Актуальные проблемы Европы №3 / 2012 - страница 14
Что же до пресловутого исламского радикализма, то можно ли считать радикалами мусульман, чьи жизненные стратегии определяет вера в Бога? В их сознании политические, общественные, юридические, экономические, образовательные институты воспринимаются не как светские, а как мусульманские, т.е. неразрывно связанные с исламом. Для верующих мусульман, таким образом, соединение политического и религиозного не является проблемой – проблема в том, какие цели ставит изначально санкционированная религией власть, насколько ее политический курс отвечает национальным интересам.
Иллюстрацией объективности происходящих процессов может быть светская со времен Ататюрка Турция. После очередного перехода власти от военных к гражданскому правительству в 1980-х годах там начинает происходить открытая корректировка самого концепта светского национализма, вызванная необходимостью ускорения развития и, следовательно, укрепления демократической системы как таковой. В 1986 г. при праволиберальном правительстве Тургута Озала была официально одобрена идея национальной культуры, в основе которой лежит тюркско-исламский синтез, что открыло дорогу в политику религиозным сектам и исламистам. Первым «происламским» премьером Турции на короткий срок стал в 1996 г. Неджметтин Эрбакан – и тогда этот выбор казался многим случайным, а сами планы правящей коалиции – наивными. Но это была не случайность, а смена тенденций. В 2002 г. во власть уверенно вошла Партия справедливости и развития – социальные консерваторы, разделяющие исламские ценности. Сложнее ли стало взаимодействовать с Турцией, скажем, в рамках НАТО? Да, сложнее, но вполне возможно.

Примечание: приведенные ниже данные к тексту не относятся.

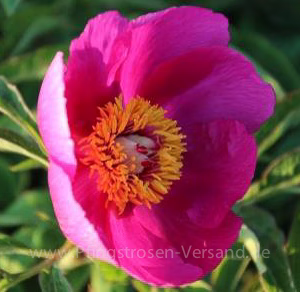 Paeonia officinalis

Важно также учитывать, что под одним термином могут прятаться разные феномены. «Аль-Каида», например, принципиально отличается не только от египетских «Братьев-мусульман», но и от военизированной ливанской «Хизбаллы». Это организация, которая не имеет национальных корней и национальных интересов. Ее абстрактный всемирный джихад «против иудеев и крестоносцев» в чем‐то сродни всемирной борьбе за торжество либеральной демократии. Бороться с радикализмом этого типа можно и нужно, но не только военной силой, а еще и путем политического выдавливания из тех территориальных пространств, где он окопался. Консолидация национальной власти в мусульманских странах – главный враг «Аль-Каиды» и ей подобных, которые находят приют там, где есть политический вакуум, – в Афганистане, Пакистане, Йемене, Сомали.
Политический ислам, как показывает исторический опыт, способен к эволюции. Беда многих исламистских организаций (тех же «Братьев-мусульман») в том, что они, с одной стороны, аморфны, а с другой – не производят ревизии концепций и платформ, разработанных в иные политические периоды. Работы наиболее известного и радикального идеолога «Братьев» Сейида Кутба продолжают циркулировать по всему миру, пугая мирных обывателей, хотя относятся к периоду строительства арабского социализма и массовых репрессий против исламистов. Между тем интеллектуальные лидеры ассоциации прекрасно осознают как произошедшие в Египте социально-политические изменения, так и законы современной политики. Создав для участия в парламентских выборах 2011–2012 гг. Партию свободы и справедливости, они призвали все политические партии к сотрудничеству на основе общегражданских ценностей.
Появление во власти современных исламистских партий, для которых национализм – не антитеза исламу, но компонент его универсальной системы, а демократия, права человека и многопартийные выборы – необходимые предпосылки исламского строя, и есть демократизация по-арабски, или то самое «многообразие современностей», о котором писал Шмуэль Эйзенштадт. Парадокс в том, что сама демократизация постепенно влечет за собой снижение важности как секуляризма, так и религии.